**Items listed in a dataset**

• • • • • • •

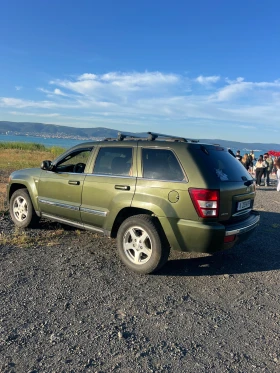 Jeep Grand cherokee, снимка 4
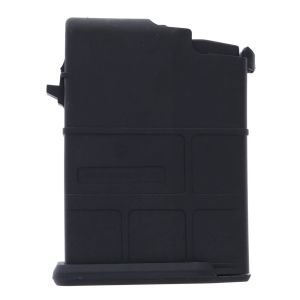 Mag Saiga .308 / 7.62 10-Round Black Polymer Magazine Ammo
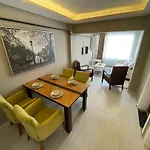 Golden Gate Topkapi מלון 3*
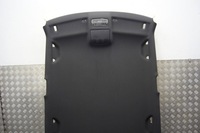 фото thumb №12, Потолок чёрная стойка защита защитные накладки skoda fabia ii vrs rs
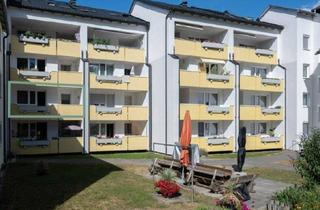 Wohnung kaufen in 4701 Bad Schallerbach, Gemütliche Eigentumswohnung mit Loggia und Tiefgarage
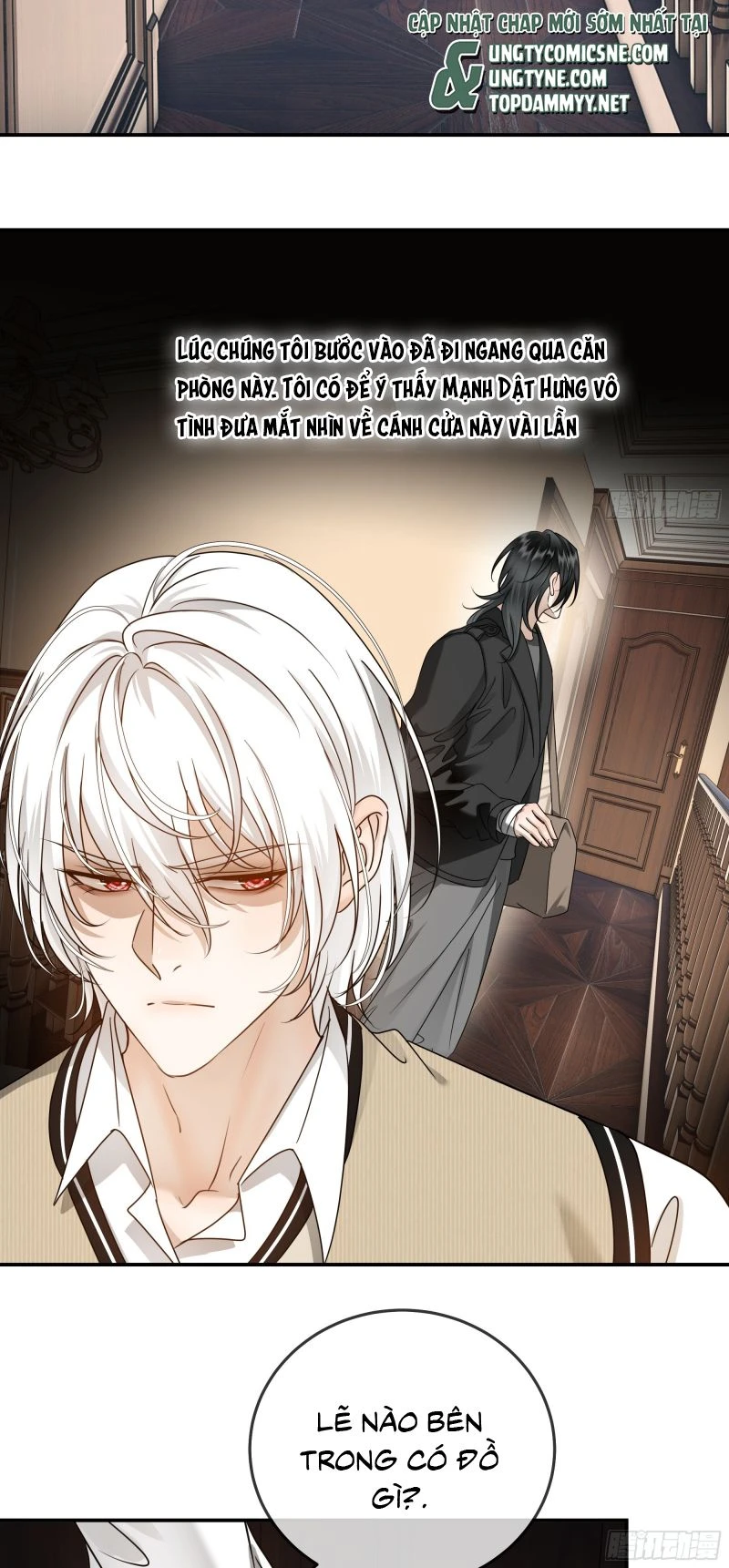 Gặp Tuyết Giữa Hạ Chapter 19 - 32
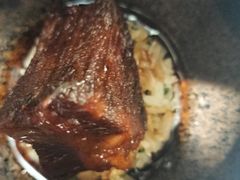 -翕间食·精致淮扬菜(江苏大剧院店)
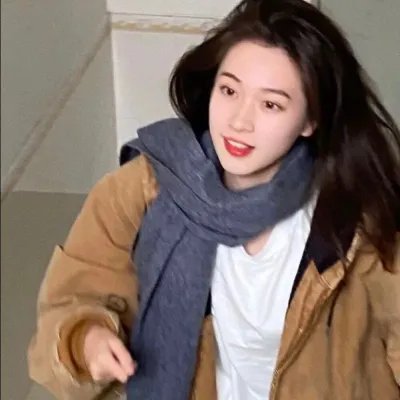 穿越麦田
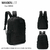 Mochila WANDERLUST Cod 36899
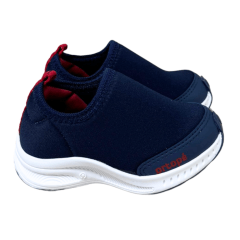 Tênis Ortopé 247000010018 DNA Flex Marinho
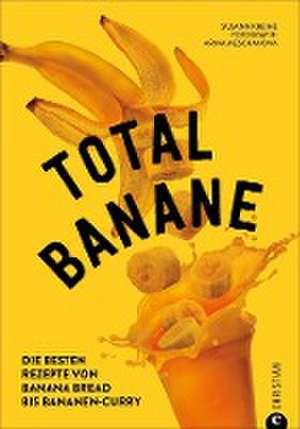 Total Banane de Susann Kreihe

• • • • • • •

**The problem**
In the answer, the data should reappear exactly, with no pictures.

**Output below**
 Jeep Grand cherokee, снимка 4
 Mag Saiga .308 / 7.62 10-Round Black Polymer Magazine Ammo
 Golden Gate Topkapi מלון 3*
 фото thumb №12, Потолок чёрная стойка защита защитные накладки skoda fabia ii vrs rs
 Wohnung kaufen in 4701 Bad Schallerbach, Gemütliche Eigentumswohnung mit Loggia und Tiefgarage
 Gặp Tuyết Giữa Hạ Chapter 19 - 32
 -翕间食·精致淮扬菜(江苏大剧院店)
 穿越麦田
 Mochila WANDERLUST Cod 36899
 Tênis Ortopé 247000010018 DNA Flex Marinho
 Total Banane de Susann Kreihe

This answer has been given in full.